Art Monster weaves personal anecdotes from Kosut’s experiences as a gallerist with ethnographic studies and interviews with artists. Blurring the lines of nonfiction and playing with ethnographic form, Kosut notes in her author’s statement that she uses pseudonyms for the artists she interviewed, “because they live their lives their way, and I narrate it my way.” The result is a simultaneously gritty and seductive collage of what it means to make and experience art in the center of it all. In an interview with Hyperallergic, which took place over Zoom and email, Kosut discussed the process of upending traditional scholarship, the pursuit of a life devoted to art in a place as financially abusive as New York, and how to find satisfaction amid chaos and instability. This conversation has been condensed and edited for clarity.


Hyperallergic: Art Monster takes readers into several NYC galleries — both white-cube and artist-run spaces — and allows us to consider their limitations and advantages. As someone who has run a gallery, I wonder if you see NYC itself as an art gallery? As a space that amplifies the economic and cultural value of things and people? Is this what makes it different from other cities?

Marin Kosut: New York as a container that amplifies the value of things and people is an interesting metaphor. Yes, NYC itself does still have some cache, a kind of aura. If you make things here, regardless of the form, content, or quality, some value is added. I started a gallery, Pay Fauxn, in an abandoned phone booth at a bus stop in Brooklyn [in 2016], and people make galleries in their bathrooms. These spaces are in conversation with the larger mainstream art world and the city itself.

H: It’s hard to live in this city. Can you talk more about why some artists feel they are abandoning part of themselves by leaving, especially when most art communities depend on cheap rent? 

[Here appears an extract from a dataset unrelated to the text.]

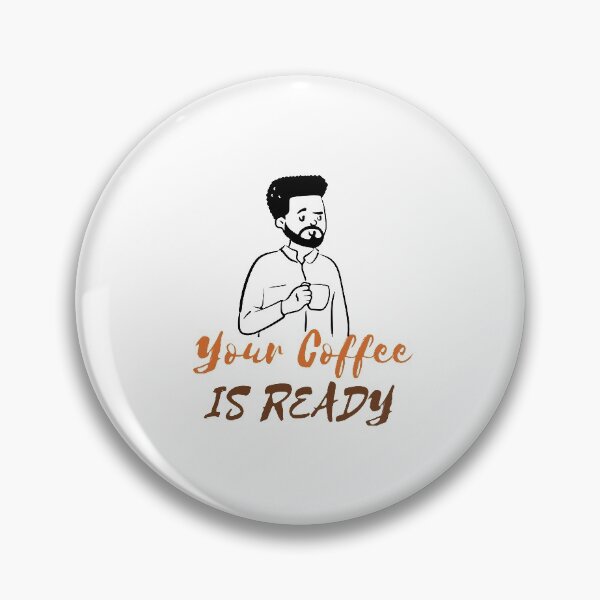 Item preview, YOUR COFFEE IS READY designed and sold by RedFlamenco.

MK: By “abandoning themselves” I think you mean “letting go of your identity as a New York artist.” To leave means that you have tried and in some ways failed. Reckoning with the fact that you wanted to succeed in New York, find a job, a community, show work, get reviewed, and make rent, and it didn’t work out. Of course, some people consciously choose to leave because the relentless pace and price of everything is antithetical to making art. If you are hustling all of the time, when do you grow your practice? Leaving can be a form of [exercising] agency, or it can be a failure — it’s subjective.

H: Do other cities really not provide the same opportunities as New York, or is that just a myth that is perpetuated? 

MK: People come to New York because it’s an extraordinary, mythic place, a cultural center. And when you’re here and you’re making work, you’re in the orbit of something bigger. A lot of people I hang around with who are painters and writers have been in New York for years. And maybe they go somewhere like Detroit, right? Rent out space and start a gallery. That works and could be satisfying for someone. But New York is [considered to be at] the very top. And sure, you don’t have to define success that way, but some people chase that and don’t want to fail, and then it hurts. It’s a huge cost to come to New York. You have no connections. You’re dragging around debt. You can’t find a place to live. You’re trying to intern for, like, David Zwirner Gallery and all the interns are super super rich.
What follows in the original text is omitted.